日本は前半16分にMF本田のゴールで先制した。1点リードの後半14分。ザッケローニ監督はFW大久保を投入しようとした。交代を待つ、その時、コートジボワールもエースFWドログバを送り込もうとしていた。横目で見た同監督は、大久保がピッチに入るのに待ったをかけた。ベンチも選手も動揺した。

ドログバが入った2分後の後半18分48秒に同点、同20分28秒には勝ち越しを許す-。悪夢の100秒間。

その背景は、大久保の投入で突き放すか。それともMF香川に代えて今野を入れる、もしくは長友を1列前の左MFに上げることで中盤の守備を安定させるか。そんな迷いだった。守備的で16強入りした10年南アフリカ大会後の4年間、日本は美しいパス回しから攻撃をするポゼッションサッカーへと理想を追い求めていた。ドログバが入ることを察知した瞬間、ザックの脳裏をかすめたのは守り切ること。だが、理想を捨てる決心がつかなかった。

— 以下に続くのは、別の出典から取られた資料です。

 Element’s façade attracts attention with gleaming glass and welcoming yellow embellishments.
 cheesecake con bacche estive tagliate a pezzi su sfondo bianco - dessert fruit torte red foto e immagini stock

「交代でチームの動きを良くしようとしたが、試みは失敗に終わった。積極的に、攻撃的にプレーすべきだった。残念ながら通常のプレーができなかった」

大久保の投入は勝ち越されてから。手遅れだった。冷静さを失ったチームは、秩序さえ崩れた。最後は1度も試したことのない、DF吉田を前線に上げてのロングボールでの攻撃しか手がなかった。

史上最強は妄想だった。我々、番記者もそう思い込もうとしていただけにすぎなかった。前年の13年コンフェデレーションズ杯は3戦全敗。同年10月の東欧遠征もW杯出場権を逃したセルビア、ベラルーシに完敗。その頃、終盤に身長のあるFWハーフナーを入れてロングボールでの攻撃を試そうとした。しかし理想に執着するあまり、ロングボールを蹴らずにパス回しを続けていたこともあった。

逆サイドの速攻を警戒し、ザッケローニ監督はサイドチェンジを禁じていたが、選手からの要望で解禁されたのはW杯1年前のこと。対話を重視し、Jリーグ得点王のFW大久保をW杯にサプライズ選出した際も長谷部主将に相談したほど。選手に信頼され、人望も厚かったように思う。

ただ「いい人」で勝てるほど甘くはない。11年アジア杯で優勝。13年10月の東欧遠征で不穏な空気が流れても、その1カ月後にあった欧州遠征で10年W杯準優勝国オランダと2-2で引き分け、当時1年間無敗でFIFAランク5位のベルギーには3-2で勝った。

収穫と課題、光と影、希望と不安-。両面あっても収穫が課題の解決にふたをし、根拠のない光と希望が影と不安を打ち消していた。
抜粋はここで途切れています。